Architecture Overview

This document is the entry point to the LLenergyMeasure architecture documentation suite. It introduces the two major subsystems - the invariant miner pipeline and the runtime config-validation pipeline - and shows how they connect to the broader measurement framework.

Start here. Deep-dive docs for each subsystem are linked throughout.

Who this is for

End users running experiments: read the "Why configs are rejected" section and the parameter-discovery guide.
Engine extenders adding a new backend: read this overview, then miner-pipeline and extending-miners.
Researchers and paper readers: read this overview, then research-context for academic positioning.

System overview

LLenergyMeasure has two pipelines that work together to give users early, actionable feedback when their configs are invalid before an expensive engine initialisation takes place.

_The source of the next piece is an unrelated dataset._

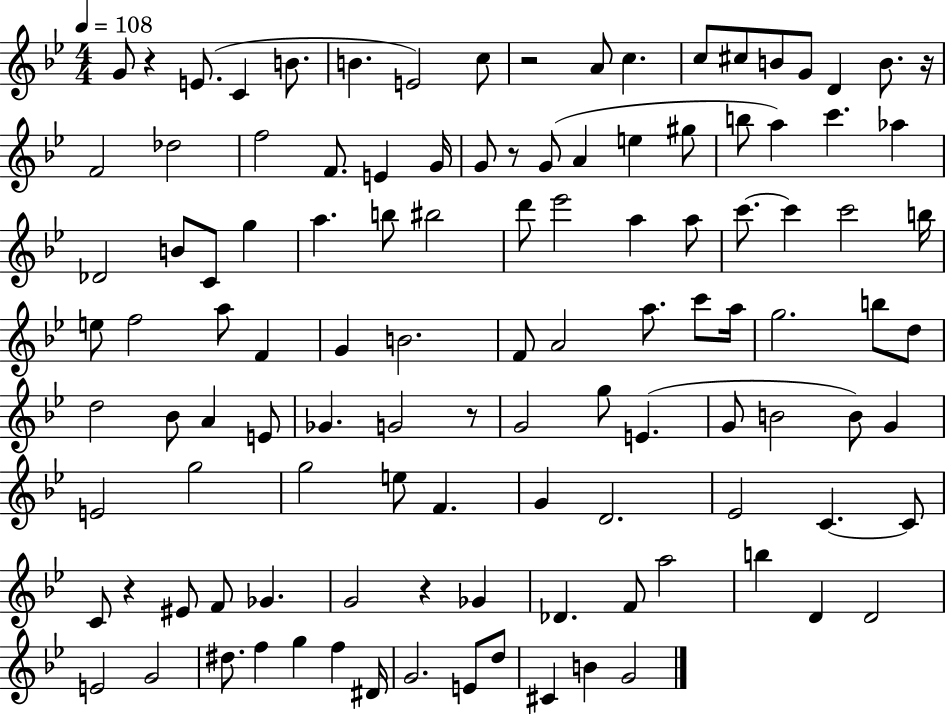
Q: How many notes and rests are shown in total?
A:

  ┌─────────────────────────────────────────────────────────────────────┐
  │  COMPILE-TIME (CI / Renovate-driven library bumps)                  │
  │                                                                     │
  │   Engine library source                                             │
  │   (transformers, vLLM, TRT-LLM)                                    │
  │              │                                                      │
  │              ▼                                                      │
  │   ┌─────────────────────────┐                                       │
  │   │   Invariant Miner       │  scripts/engine_miners/              │
  │   │   Pipeline              │                                       │
  │   │  ┌──────────────┐       │                                       │
  │   │  │ static miner │       │  AST walking of validator methods    │
  │   │  └──────────────┘       │                                       │
  │   │  ┌──────────────┐       │                                       │
  │   │  │dynamic miner │       │  combinatorial probing               │
  │   │  └──────────────┘       │                                       │
  │   │  ┌──────────────┐       │                                       │
  │   │  │  lift modules│       │  pydantic / msgspec / dataclass      │
  │   │  └──────────────┘       │                                       │
  │   │         │               │                                       │
  │   │    staging files        │                                       │
  │   │         │               │                                       │
  │   │    build_corpus.py      │  merge + dedup + fingerprint         │
  │   │         │               │                                       │
  │   │    validate_invariants.py      │  replay against live library         │
  │   │         │               │                                       │
  │   │  proposed corpus YAML   │  src/llenergymeasure/engines/          │
  │   │                          │  {e}.proposed.yaml                   │
  │   │  validated corpus YAML   │  src/llenergymeasure/engines/          │
  │   │                          │  {e}.validated.yaml                   │
  │   └─────────────────────────┘                                       │
  └─────────────────────────────────────────────────────────────────────┘
                      │
                      │ validated YAML ships with package
                      │
  ┌─────────────────────────────────────────────────────────────────────┐
  │  RUNTIME (user submits ExperimentConfig)                            │
  │                                                                     │
  │   User YAML / Python API                                            │
  │              │                                                      │
  │              ▼                                                      │
  │   ┌─────────────────────────┐                                       │
  │   │  Config Validation      │  src/.../config/engine_invariants/      │
  │   │  Pipeline               │  loader.py                           │
  │   │                         │                                       │
  │   │  ┌───────────────┐      │                                       │
  │   │  │ loader.py     │      │  parse corpus + evaluate predicates  │
  │   │  └───────────────┘      │                                       │
  │   │  ┌───────────────┐      │                                       │
  │   │  │ rule match    │      │  try_match() per rule per engine     │
  │   │  └───────────────┘      │                                       │
  │   │         │               │                                       │
  │   │    error / warn /       │                                       │
  │   │    dormant annotation   │                                       │
  │   └─────────────────────────┘                                       │
  │              │                                                      │
  │              ▼                                                      │
  │   User sees rejection BEFORE engine initialisation                  │
  │   (engine initialisation is expensive; this saves GPU time)         │
  └─────────────────────────────────────────────────────────────────────┘

The two pipelines

1. The invariant miner pipeline

What it does: Extracts validation invariants from ML engine library source code and packages them into a versioned corpus of structured rules. Runs in CI whenever a library version bumps (Renovate-driven).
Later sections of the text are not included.